§ Description of the task
Your answer must be the lines from the first record through the line that contains "This guy's had", copied exactly and without any pictures.

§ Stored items
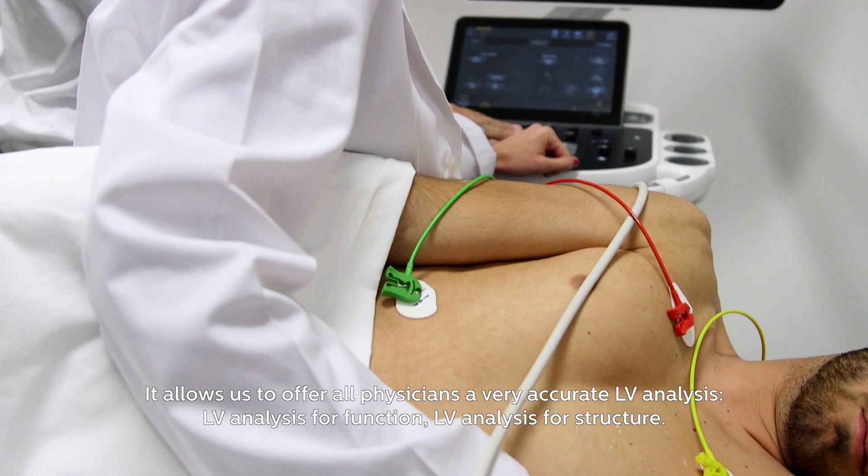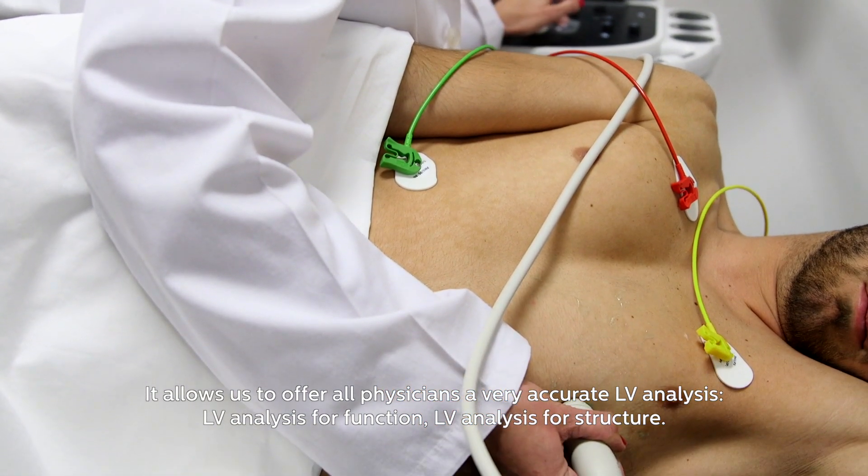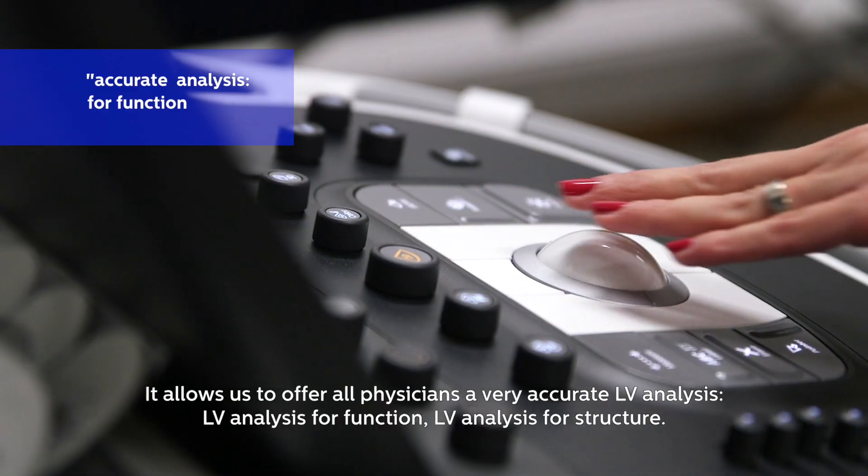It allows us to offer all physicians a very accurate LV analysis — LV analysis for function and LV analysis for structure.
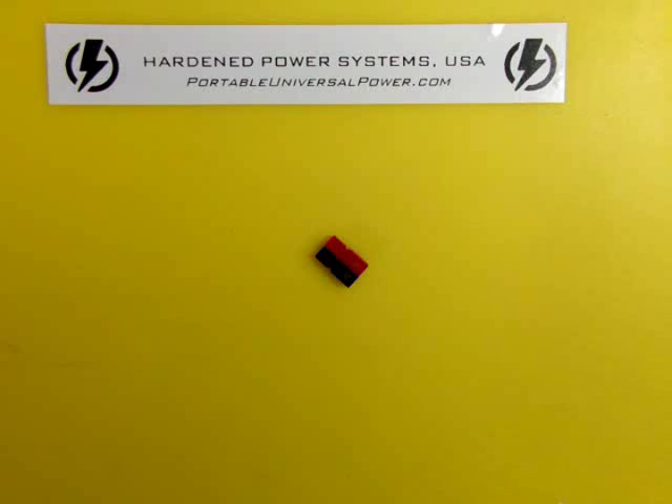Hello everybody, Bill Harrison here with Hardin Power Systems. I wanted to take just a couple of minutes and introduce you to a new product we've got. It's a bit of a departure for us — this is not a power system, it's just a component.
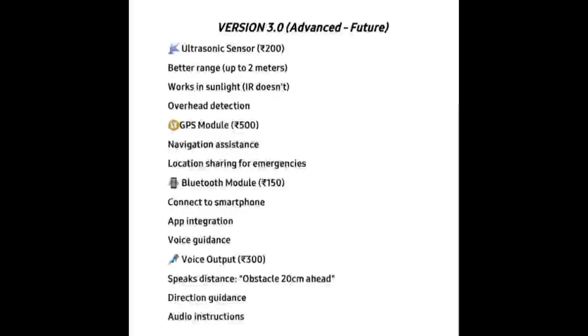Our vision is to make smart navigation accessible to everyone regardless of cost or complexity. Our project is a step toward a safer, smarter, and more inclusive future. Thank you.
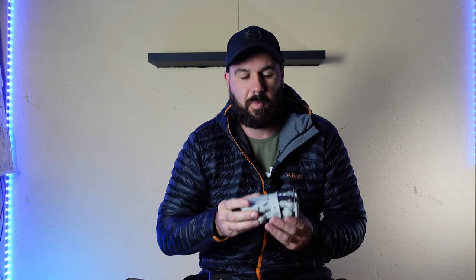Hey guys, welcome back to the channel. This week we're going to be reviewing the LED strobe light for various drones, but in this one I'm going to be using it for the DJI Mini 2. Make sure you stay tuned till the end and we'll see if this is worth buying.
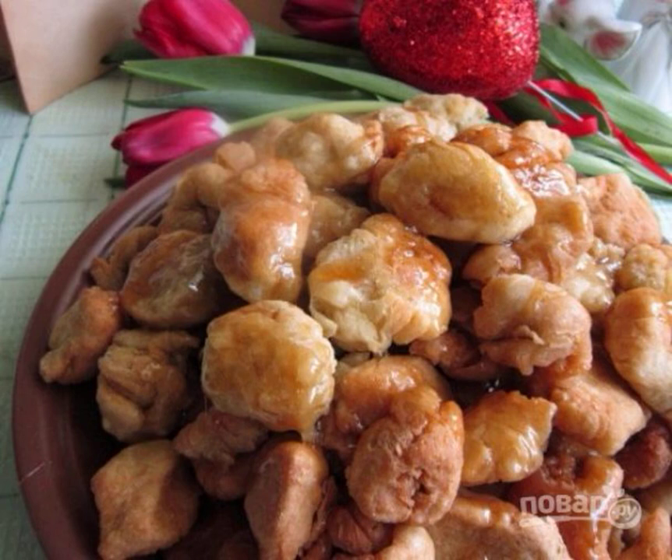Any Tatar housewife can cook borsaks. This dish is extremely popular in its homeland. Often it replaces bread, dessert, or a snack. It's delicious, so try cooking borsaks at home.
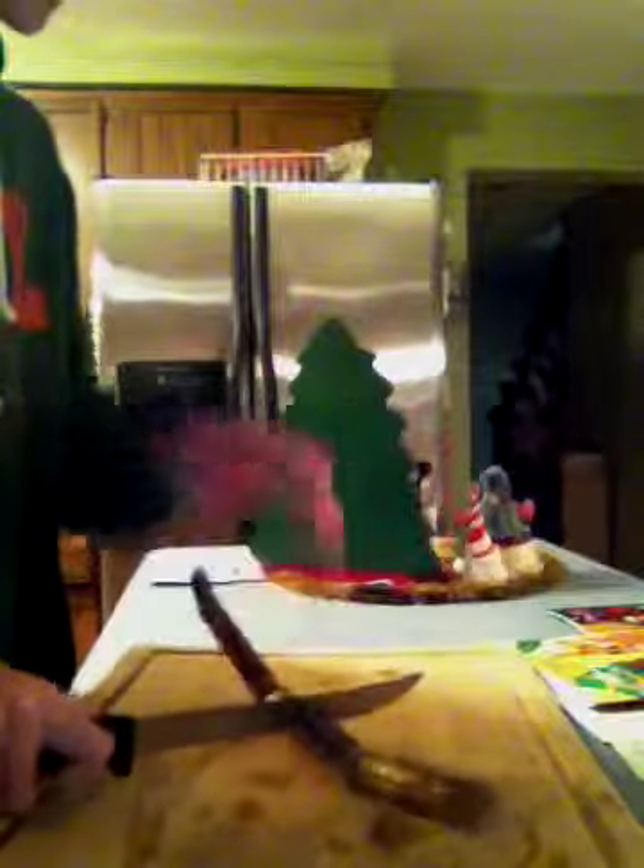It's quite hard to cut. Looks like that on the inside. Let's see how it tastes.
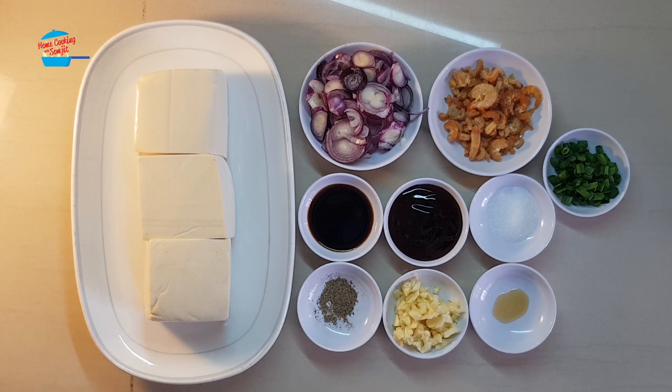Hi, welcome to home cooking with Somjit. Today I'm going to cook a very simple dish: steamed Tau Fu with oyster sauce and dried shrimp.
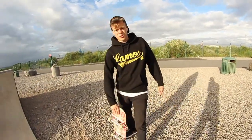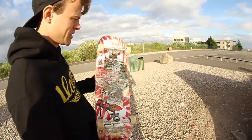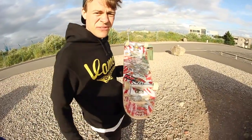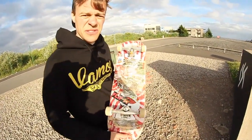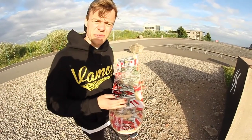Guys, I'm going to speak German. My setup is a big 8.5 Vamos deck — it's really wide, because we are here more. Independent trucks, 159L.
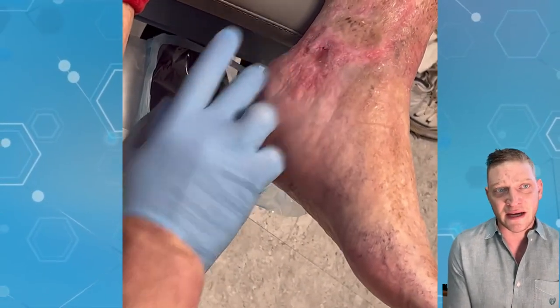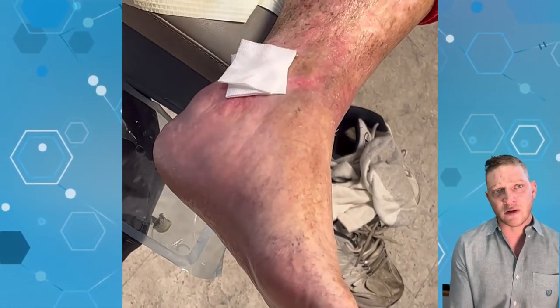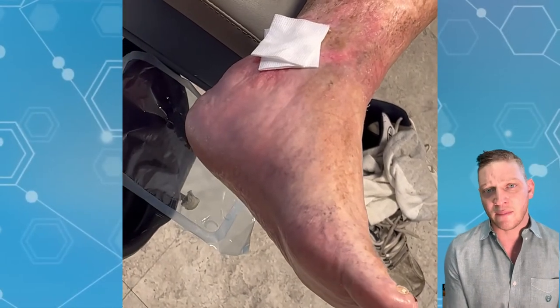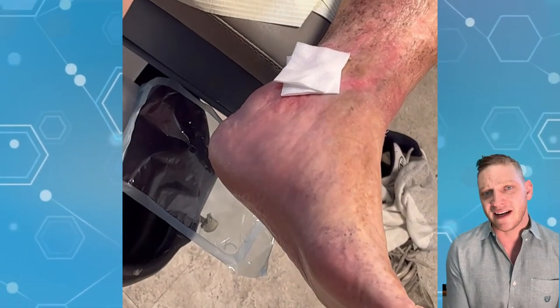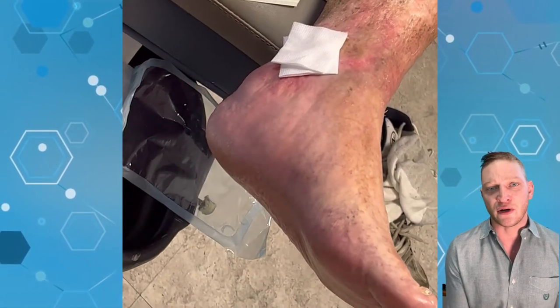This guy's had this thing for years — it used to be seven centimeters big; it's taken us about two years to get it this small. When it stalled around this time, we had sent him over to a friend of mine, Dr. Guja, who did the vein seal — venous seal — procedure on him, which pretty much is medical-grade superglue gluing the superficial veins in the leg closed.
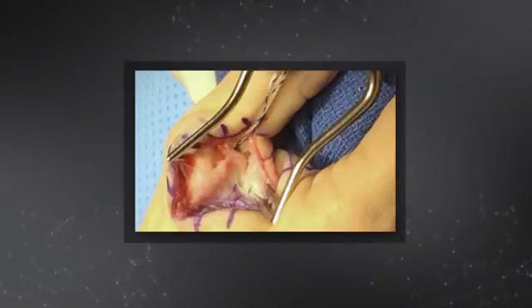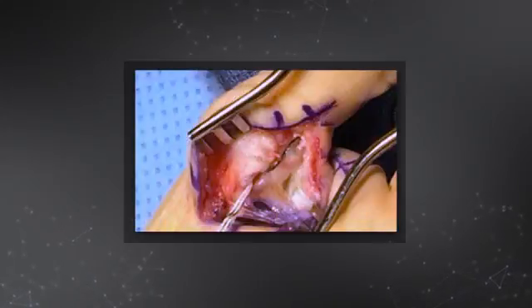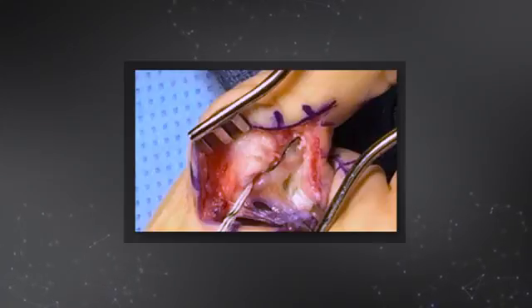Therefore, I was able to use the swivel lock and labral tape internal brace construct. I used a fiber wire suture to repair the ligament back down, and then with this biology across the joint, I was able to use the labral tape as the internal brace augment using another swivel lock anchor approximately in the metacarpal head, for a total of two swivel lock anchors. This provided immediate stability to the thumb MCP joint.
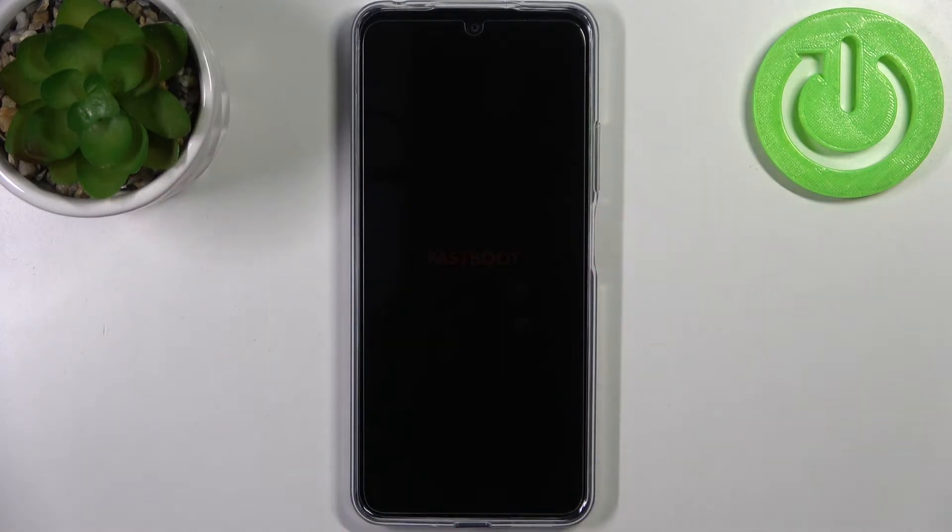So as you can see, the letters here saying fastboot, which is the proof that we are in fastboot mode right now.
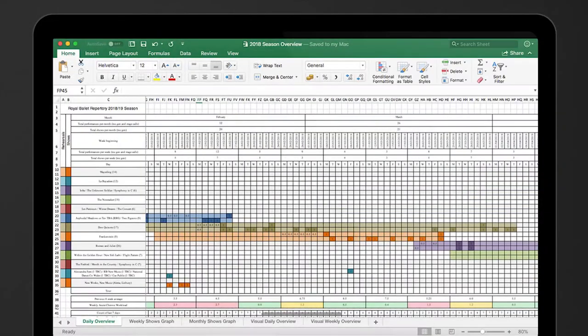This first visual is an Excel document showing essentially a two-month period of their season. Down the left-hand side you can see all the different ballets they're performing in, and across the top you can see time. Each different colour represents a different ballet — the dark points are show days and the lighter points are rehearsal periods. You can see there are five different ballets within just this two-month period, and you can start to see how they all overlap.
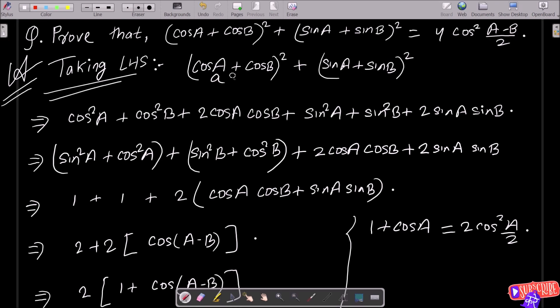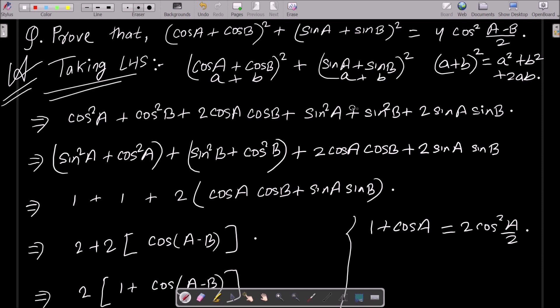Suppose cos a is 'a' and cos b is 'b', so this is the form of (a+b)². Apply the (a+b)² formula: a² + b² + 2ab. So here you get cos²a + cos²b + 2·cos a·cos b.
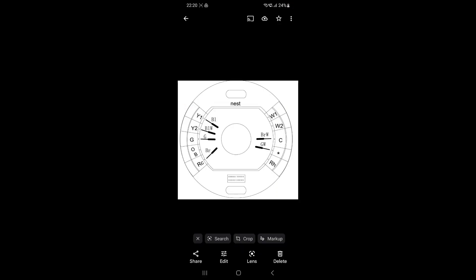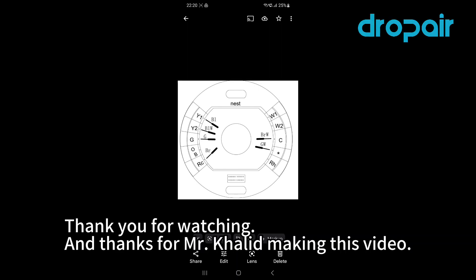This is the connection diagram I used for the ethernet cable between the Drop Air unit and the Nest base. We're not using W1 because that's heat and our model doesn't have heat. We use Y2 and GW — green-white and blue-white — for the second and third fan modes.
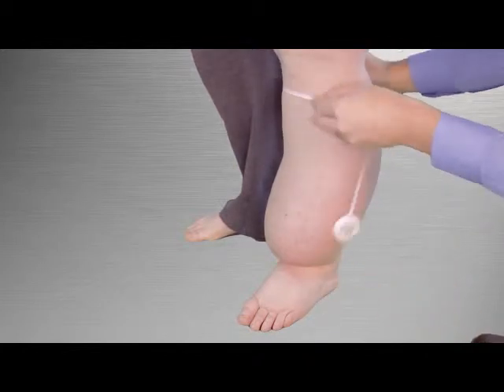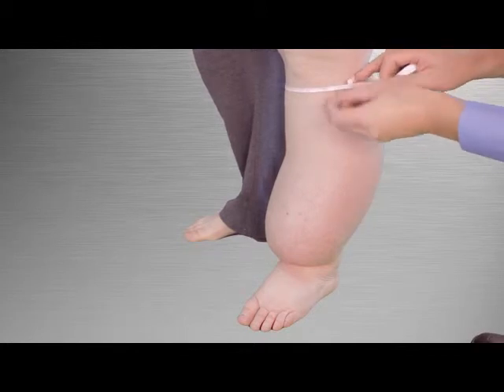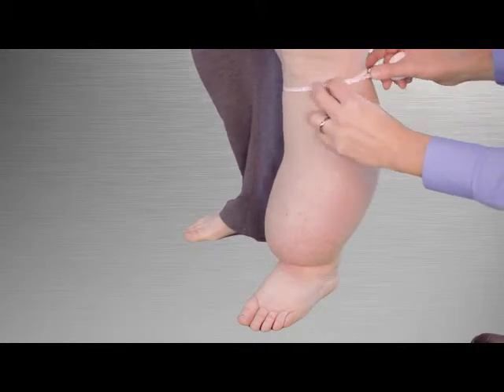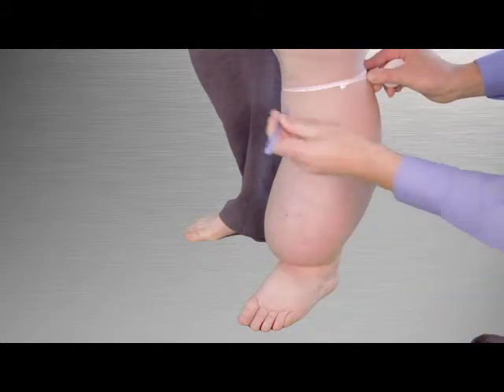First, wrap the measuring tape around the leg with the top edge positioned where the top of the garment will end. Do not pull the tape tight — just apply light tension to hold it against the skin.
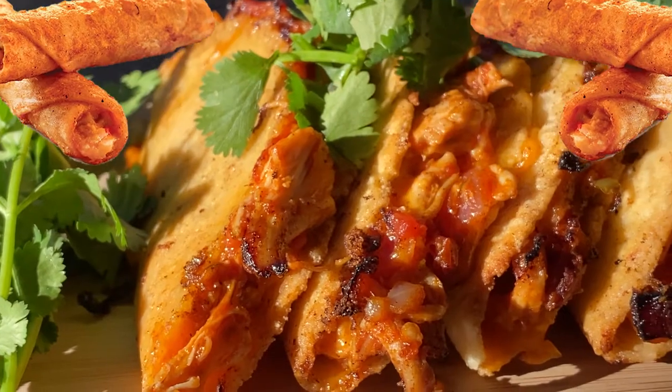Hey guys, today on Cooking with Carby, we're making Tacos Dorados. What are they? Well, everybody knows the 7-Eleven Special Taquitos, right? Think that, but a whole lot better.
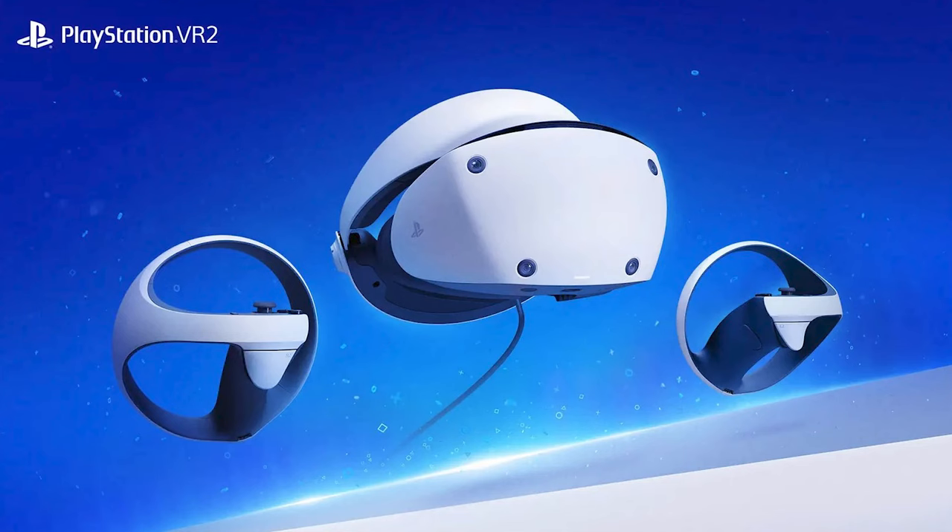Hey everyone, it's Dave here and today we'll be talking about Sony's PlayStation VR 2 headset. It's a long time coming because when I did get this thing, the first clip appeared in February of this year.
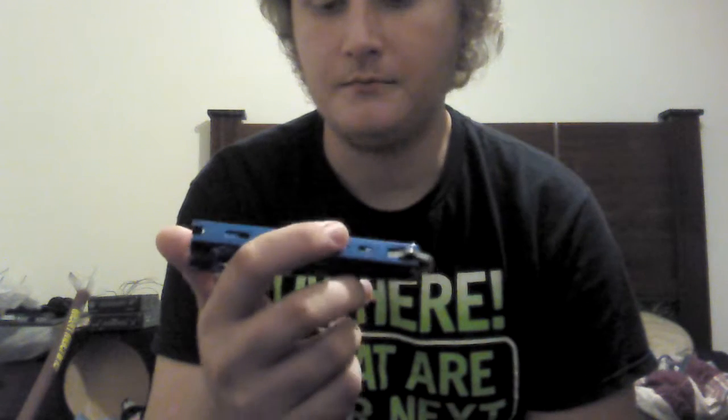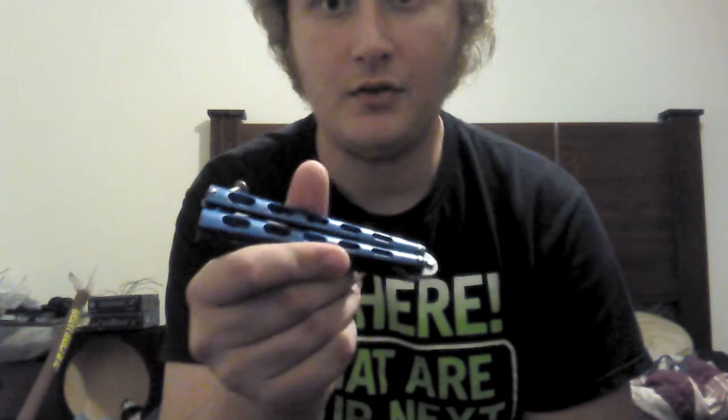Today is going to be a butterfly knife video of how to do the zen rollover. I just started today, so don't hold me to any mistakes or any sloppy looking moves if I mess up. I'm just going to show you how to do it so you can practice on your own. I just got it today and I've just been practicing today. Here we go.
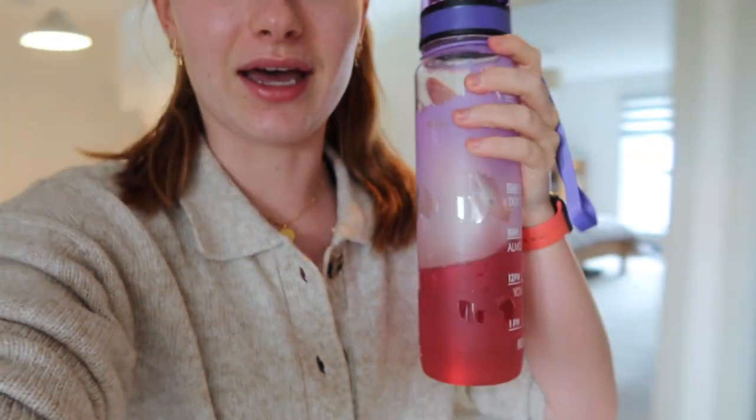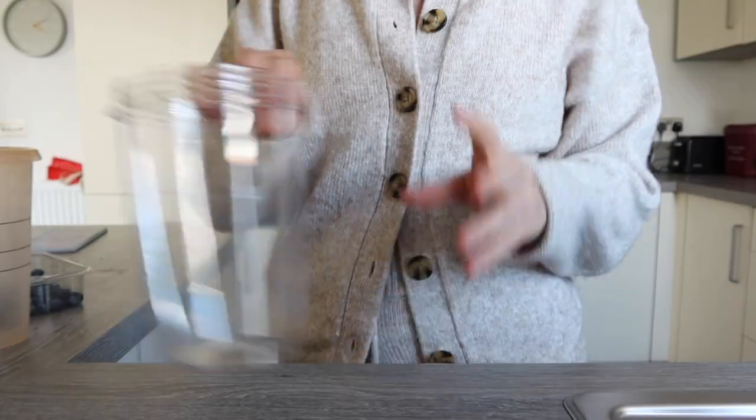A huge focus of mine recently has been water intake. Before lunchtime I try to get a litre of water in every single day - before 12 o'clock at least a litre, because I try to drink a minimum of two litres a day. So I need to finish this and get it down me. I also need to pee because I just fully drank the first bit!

§ Response
It allows us to offer all physicians a very accurate LV analysis — LV analysis for function and LV analysis for structure.
Hello everybody, Bill Harrison here with Hardin Power Systems. I wanted to take just a couple of minutes and introduce you to a new product we've got. It's a bit of a departure for us — this is not a power system, it's just a component.
Our vision is to make smart navigation accessible to everyone regardless of cost or complexity. Our project is a step toward a safer, smarter, and more inclusive future. Thank you.
Hey guys, welcome back to the channel. This week we're going to be reviewing the LED strobe light for various drones, but in this one I'm going to be using it for the DJI Mini 2. Make sure you stay tuned till the end and we'll see if this is worth buying.
Any Tatar housewife can cook borsaks. This dish is extremely popular in its homeland. Often it replaces bread, dessert, or a snack. It's delicious, so try cooking borsaks at home.
It's quite hard to cut. Looks like that on the inside. Let's see how it tastes.
Hi, welcome to home cooking with Somjit. Today I'm going to cook a very simple dish: steamed Tau Fu with oyster sauce and dried shrimp.
Guys, I'm going to speak German. My setup is a big 8.5 Vamos deck — it's really wide, because we are here more. Independent trucks, 159L.
This guy's had this thing for years — it used to be seven centimeters big; it's taken us about two years to get it this small. When it stalled around this time, we had sent him over to a friend of mine, Dr. Guja, who did the vein seal — venous seal — procedure on him, which pretty much is medical-grade superglue gluing the superficial veins in the leg closed.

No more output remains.